Definitely Going Up

Feature image is of a very large Buddhist Monk Monastery, really in the middle of nowhere, really.  For miles, nothing around that could distract any Monks or the like.  Nestled comfortably in the middle of the Himalayas.

I really was not going to write about todays hike because it was really short but it did take us up another 1,000 feet to settle at 14,000 feet and most important, we are well above the tree line.  The hike was inspiring because we were constantly surrounded by a 360 view of mountains that are massive by any scale.  To put it into perspective, since we are at 14,000 feet, the peaks around us are between 20,000 and 28,000 feet and those are the largest on earth.  I kept looking ahead at the peak of Everest which is around 29,000 feet into the sky but it is mostly blocked by two other ranges, both around 28,000 feet high, making them the 4th and 5th largest on planet earth.  Not much more needs to be said.

Just before leaving our last outpost luxury tea house, I had to take a dump and really postponed it because its torture shitting while the surroundings are so cold.  What the heck, I did my duty but of course, our toilet does not flush because I as I said, their was no running water in our room or anywhere because the the pipes are frozen — permanently.  So I poured a bucket of water into the toilet after my deed and the rest is our generous proprietors problem.  Lets just say I left a gift upon my departure.

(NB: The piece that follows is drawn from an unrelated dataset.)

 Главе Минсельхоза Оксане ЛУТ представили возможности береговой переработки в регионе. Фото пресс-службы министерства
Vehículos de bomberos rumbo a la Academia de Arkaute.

And when you think it could not get worse, we arrived at our new tea house today in Pheriche.  Walked into the main sitting area/dining room/lounge, basically the only common room and it actually did not look so bad.  Plywood floors and walls coated in a dark nutty stain, orange drapes, a scene like one would expect from this type of joint with posters of Everest everywhere, famous trekkers, stickers from all the tour outlets — and that’s inside our quaint lounge.  Paula was freezing and I was doing just ok.  Outside I would guess it was a damp biting below zero something Fahrenheit.  We sat for a while waiting for our boys to come with our bags — they had stopped for lunch somewhere.  In the mean time, we got pretty bored.  The local Wifi Internet was down — and let me explain, you cant get cellular data up here so the locals have some kind of bad radio, point-to-point wifi system that you buy a package.  It goes in and out and like everything up here is unreliable.  Last night, we had no electricity for some unknown reason — which I think I know… Infrastructure here is crap for a good reason — we really are in the middle of nowhere.  Anyway, after a couple of hours, our boys arrived.

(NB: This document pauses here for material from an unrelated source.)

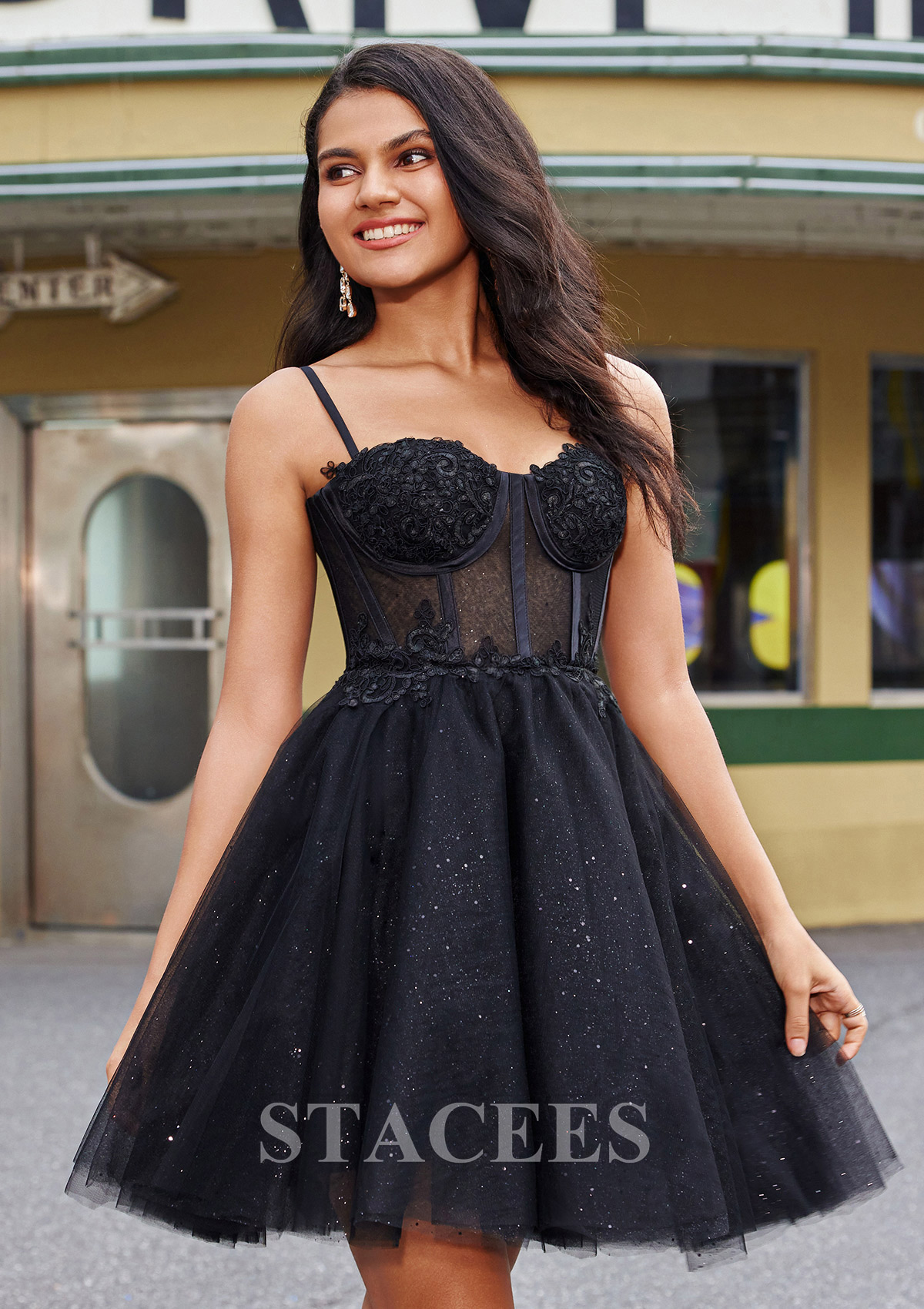 Black Vestido línea a cuello de corazón tul corto/mini vestido para homecoming - STACEES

Paula and I got our keys to leave the somewhat livable dark lounge to see our suite which is number 10 for the next 2 nights which include another acclimatizing day.  I don’t know if the word shock is enough to describe the rest of the lodge.  Cold, no freezing concrete floors everywhere and dark walls lined with room doors every 8 feet or so.  Two shared toilets for our disgusting, disturbing, loud and obnoxious Chinese guests we are sharing our night with.  Toilets are just a hole in the designated restrooms — no running water to wash hands, that relies on wet wipes and of course, no toilet paper.  Just a hole on a concrete floor and no heat.  We now go to our bedroom.  To enter, you really have to unlock a horizontal deadbolt system with a padlock.  We open the door and it’s a room about 70 square feet in size with two single beds, no reasonable covers and thats it — oh, the comforting fucking freezing concrete floors.  I really don’t mind all that, but again, no heat and were in a concrete jail cell when its likely going to be 10 degrees Fahrenheit tonight.  Our sleeping bags are fine, but trying to get up in the middle of the night, open our door into a pitch dark hallway and walk to the restroom, take a piss in a smelly hole, then find a wet wipe, get back to the room by navigating with a headset flashlight and get motivate to go back to sleep while shivering because your skin has been exposed.  We will be sleeping in three top layers, two bottom layers and socks along with maybe a hat.  We have two nights here and it only gets worse as we go up to our next two altitudes.

At 6pm, it was sunset, or in photograph speak, Golden Hour, where the mountains turn orange along the peaks.  Any normal time, I would be incredibly exited to jump out and take a few pictures since its the best time of the day to shoot.  I looked and looked and looked trying to get the courage to go outside again and get hammered.  Finally at 6:15pm I decided to go — I had to because when else will I me in this insane mountainous place like no other in the world.  I went to the room, grabbed my camera, ran out just to find out that I was like 5 minutes too late — it was now dark out.  All that for not — shit — and worse, I came back like an icicle which took me a good 30 minutes to de-thaw.  Tomorrow, I’m out at 6pm sharp for golden hour — at least thats the plan.

Had dinner, a questionable mushroom pizza and vegetable soup, got back to this post and Paula is reading.  Just 4 more days and we make it to the top — our goal — Base Camp.

I will keep motivated — its hard.  No internet, no running water, no heat, no real crapper, no showers, little change of clothes… Hygiene is starting to wane — day by day.